Exercise goal ▸
Every line of the material below should be output exactly as written, with the images skipped.

Information provided ▸
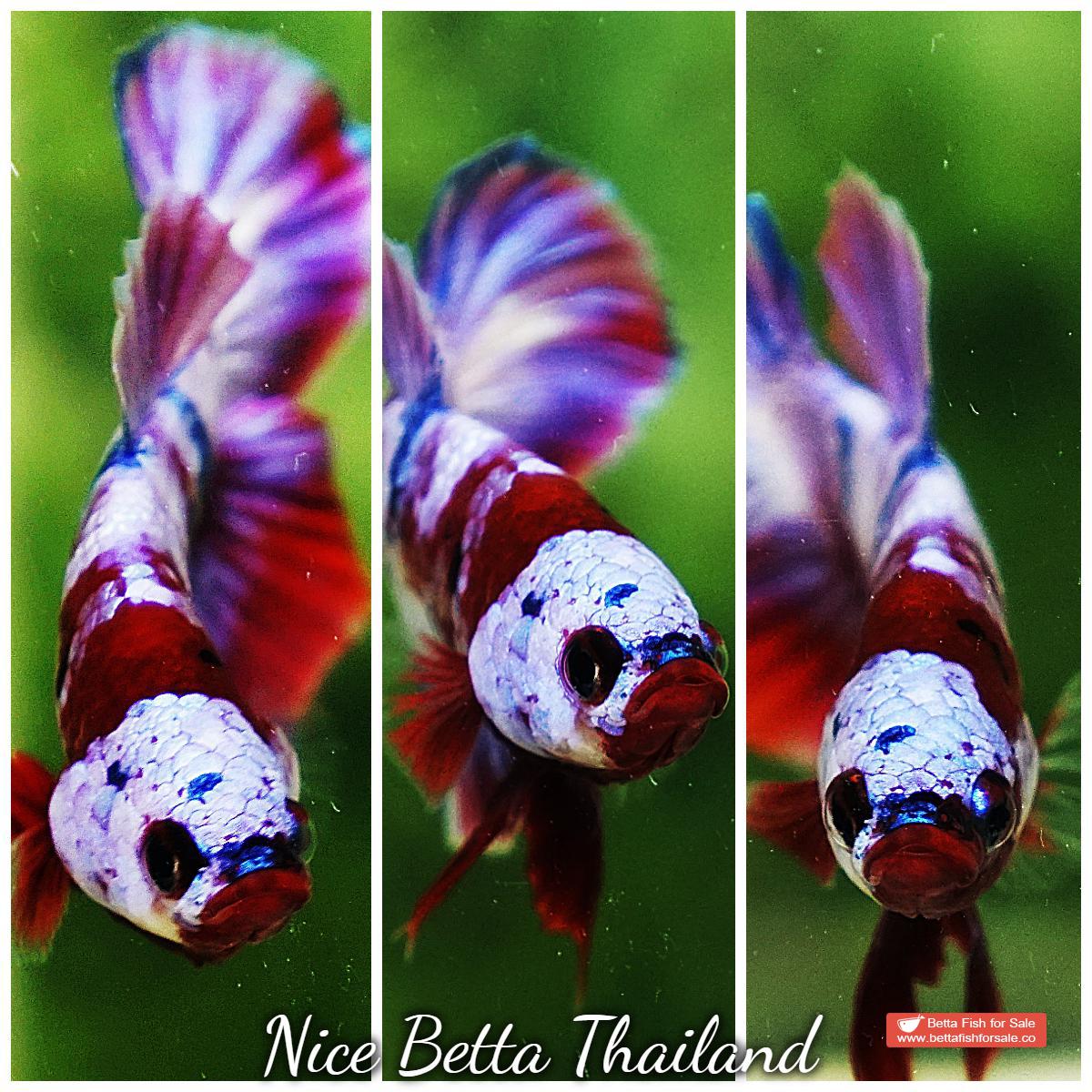 Betta fish OHMPK Prince Rainbow Red Scarf Marking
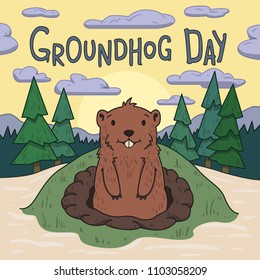 Groundhog day. Cute groundhog looking out from the burrow on picturesque pine forest and morning sky background. Line vector illustration. Colored cartoon style.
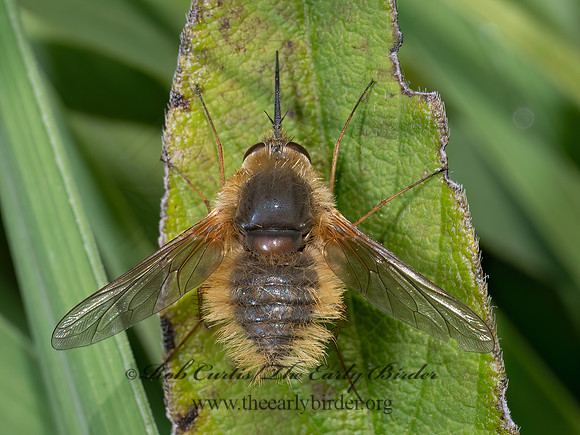 Systoechus oreas~ WOOLY BEE FLY 8040354z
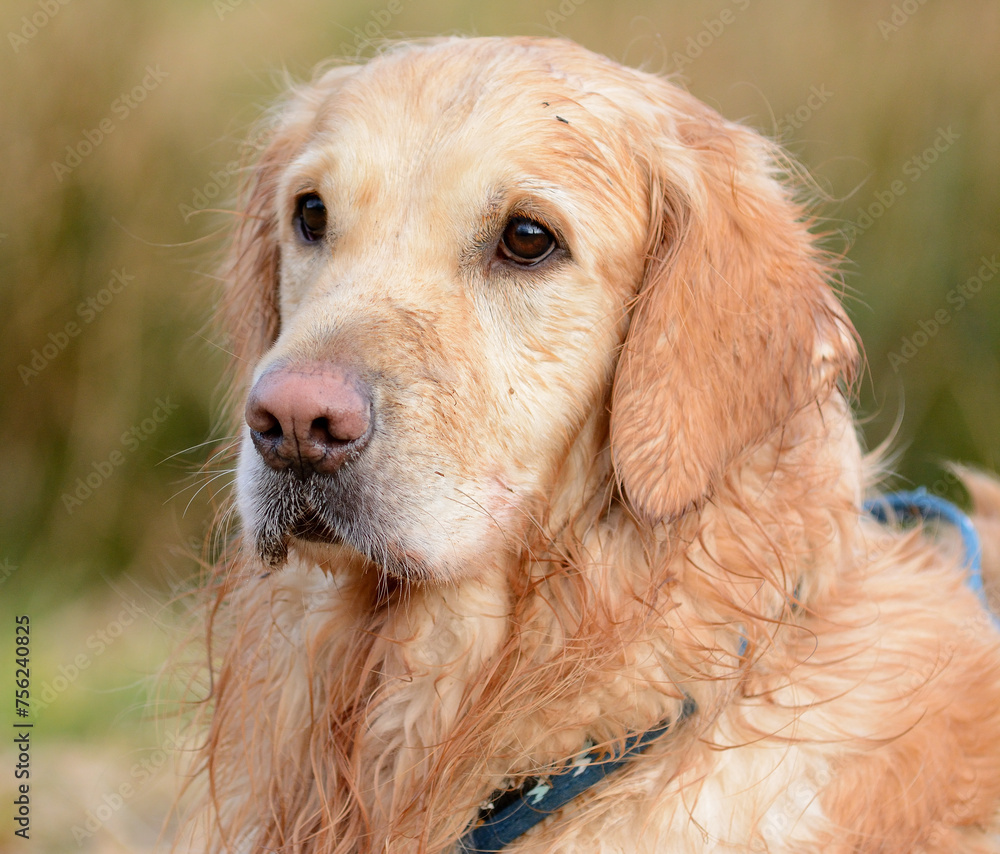 Pies rasy Golden retriever - obrazy, fototapety, plakaty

Answer section ▸
 Betta fish OHMPK Prince Rainbow Red Scarf Marking
 Groundhog day. Cute groundhog looking out from the burrow on picturesque pine forest and morning sky background. Line vector illustration. Colored cartoon style.
 Systoechus oreas~ WOOLY BEE FLY 8040354z
 Pies rasy Golden retriever - obrazy, fototapety, plakaty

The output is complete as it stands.